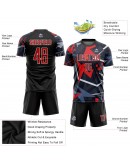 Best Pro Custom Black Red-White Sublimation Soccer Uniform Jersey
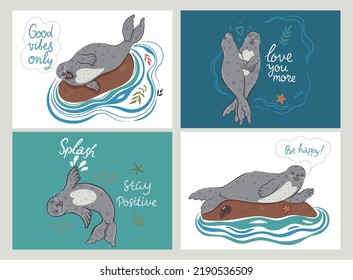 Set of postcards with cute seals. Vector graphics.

---

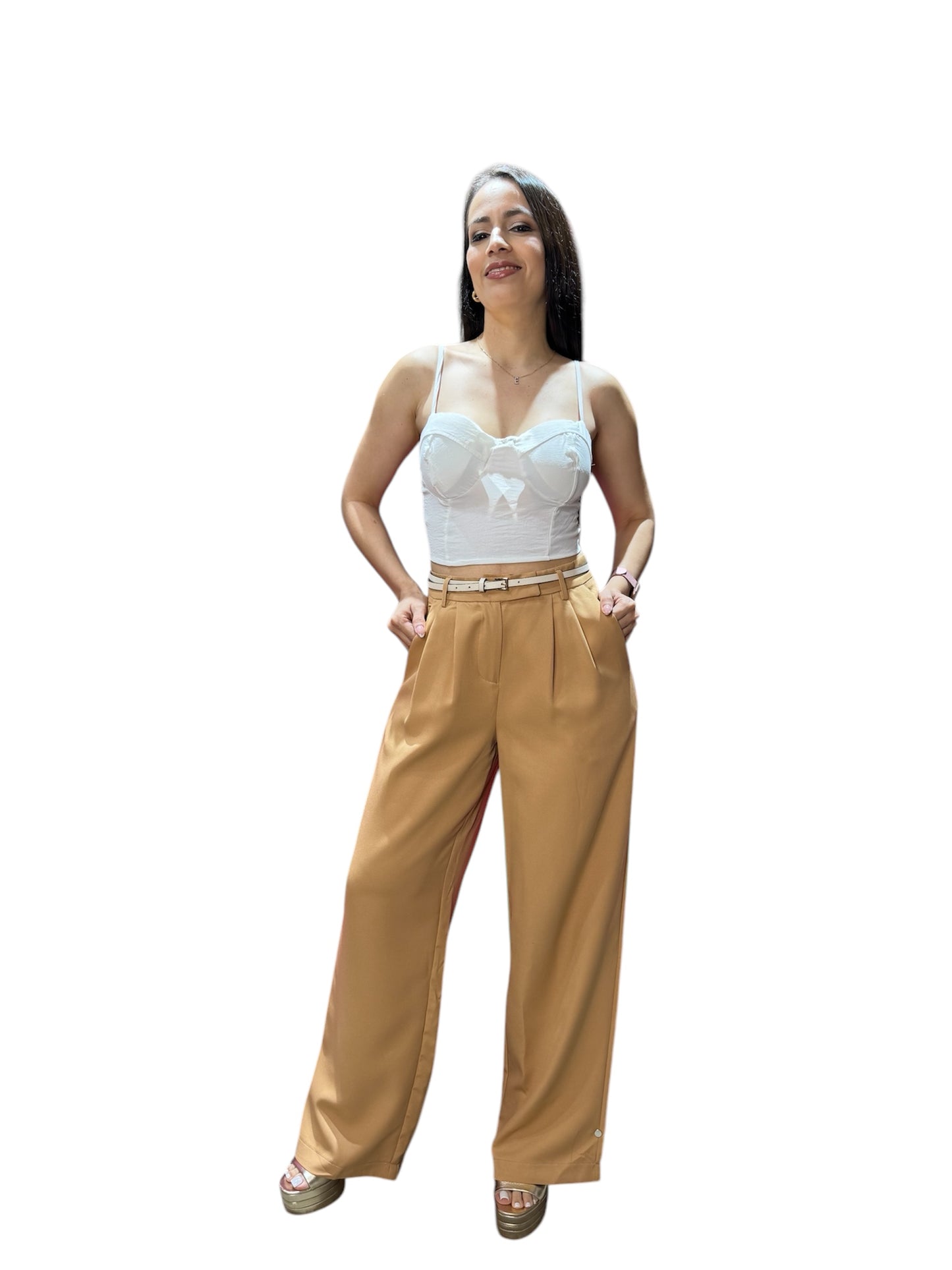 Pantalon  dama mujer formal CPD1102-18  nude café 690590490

==

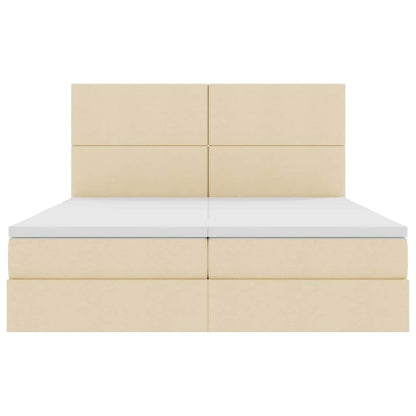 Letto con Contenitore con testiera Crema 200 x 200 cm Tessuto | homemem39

Exercise:
Output only the lines above from the one containing "Best Pro Custom" to the one containing "Set of postcards", both included, exactly as written and with no pictures.

Written answer:
 Best Pro Custom Black Red-White Sublimation Soccer Uniform Jersey
 Set of postcards with cute seals. Vector graphics.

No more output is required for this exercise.